Pluto literally did not matter until something absurd happened and society went nuts and science was harassed for what it normally does:discover. Scientific discoveries happen everyday and normally, we are not emotionally connected to these discoveries and therefore have no reaction to these things. For some reason, americans had a deep connection to pluto and the media blew up with reactions from fellow citizens’s reaction to Pluto’s elimination as a planet. This connects to the issue that is very relevant: scientific illiteracy. Scientific Illiteracy in today’s world effects many things—the basic knowledge of scientific facts is rarely ever present in everyday society. In class when we took the small quiz on basic scientific facts, I found it extremely challenging to conjure up answers to many of these questions that were absolutely basic! And i’m right out of High School, much fresher than a good majority of the people in society that are taking this test and shaping the statistic that 80% of Americans cannot read the scientific section of the New York Times
the way that scientific illiteracy is portrayed in the media is often through surveys, and Q&A’s. I think that it’s super easy to blame the problem of scientific illiteracy on the school system but I think that’s where the blame should be put because that’s their job. We are legally required to go to school as kids until a certain age, during that time science should be more apparent in that segment of our education if we expect to see better survey results. If a citizen chooses to drop out of high school or not attend a higher education program, the blame cannot be placed on education but on the citizen’s interest, or lack thereof, in science and its application in daily life. So, why can I solve an extensive chemistry problem, but cannot tell you why the earth has seasons or time changes right off the top of my head? Perhaps it’s my lack of memory, but in reality, what normal human brain can pick through the layers and years of scientific knowledge and peel its way back to the third or fourth grade? I tend to only remember what i’ve been taught in within a two-year span and then its like everything else just falls into a black abyss. Survey results are alarming not because american society is dumb or not capable of understanding science and and applying current knowledge to surveys, but its that the knowledge need for current surveys is not current, its buried under years and years of physics, complex equations, calculus and so on.

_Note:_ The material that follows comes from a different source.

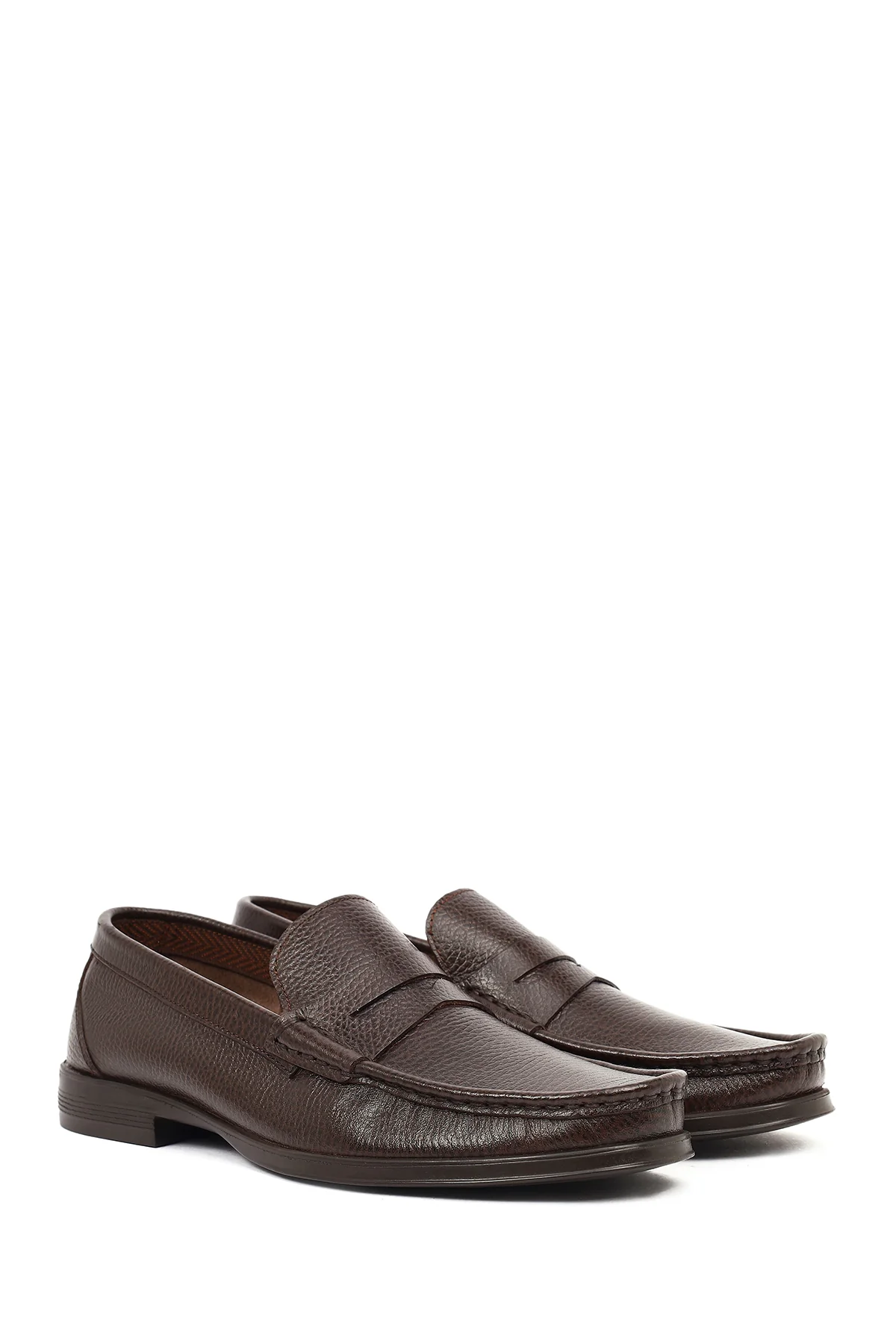 Erkek Kahverengi Deri Klasik Loafer - Image 2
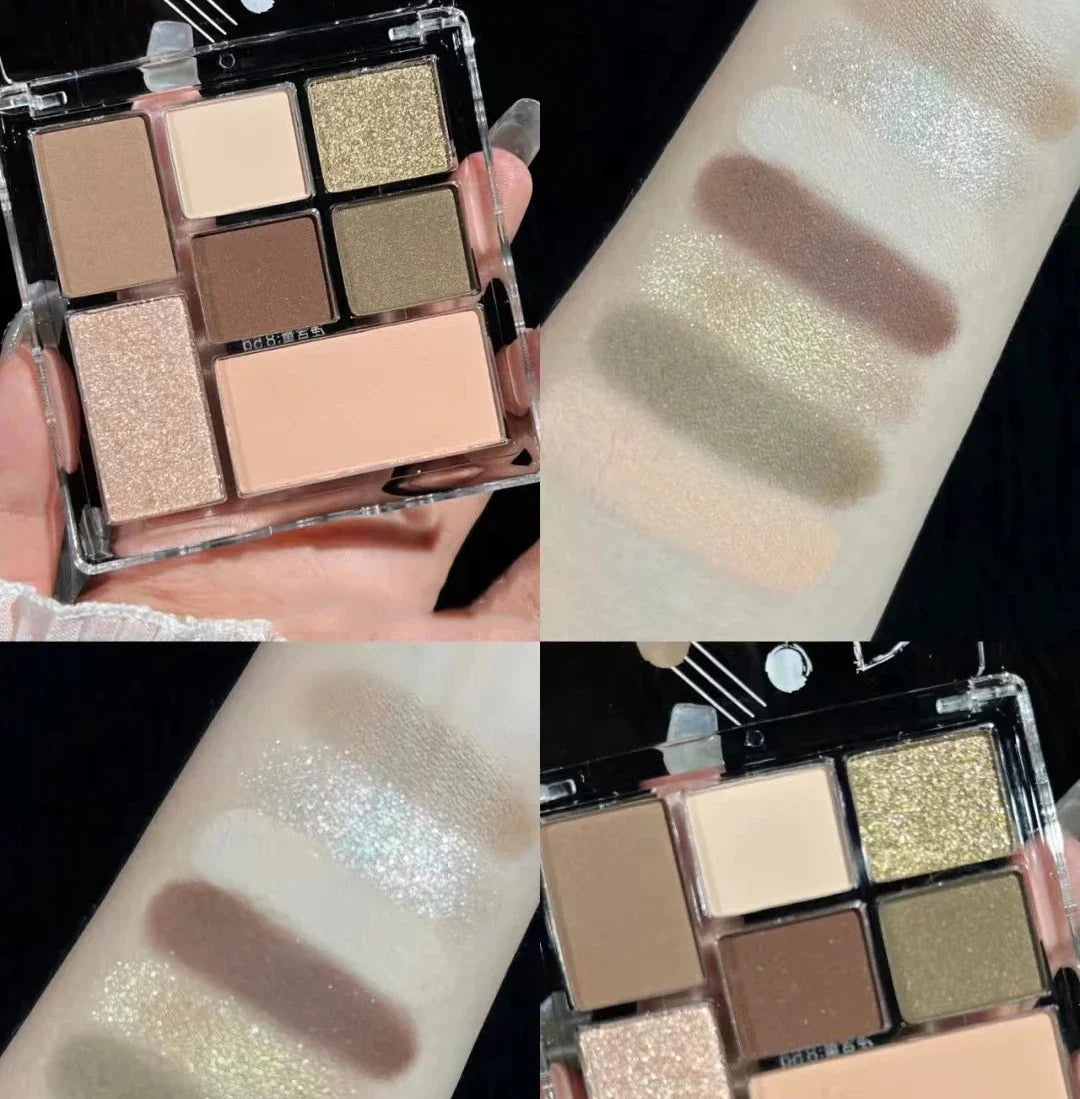 Cool Smoked Eyeshadow Palette Pink-black Hot Girl Glitter Pearly Shadow Eyes Korean Makeup Pallet Cosmetics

Basic information that the media uses in the surveys to develop stats on scientific illiteracy has been covered year by year with more complex information until the american taking the survey cannot dig through all of the knowledge in their head and pull out whats needed to take a basic survey.
Who’s fault is this? I don’t think that anyone’s at fault because complex knowledge shouldn’t be an issue, and its not ever been an issue, that is until complex scientific information cannot aid to the statistic of scientific illiteracy.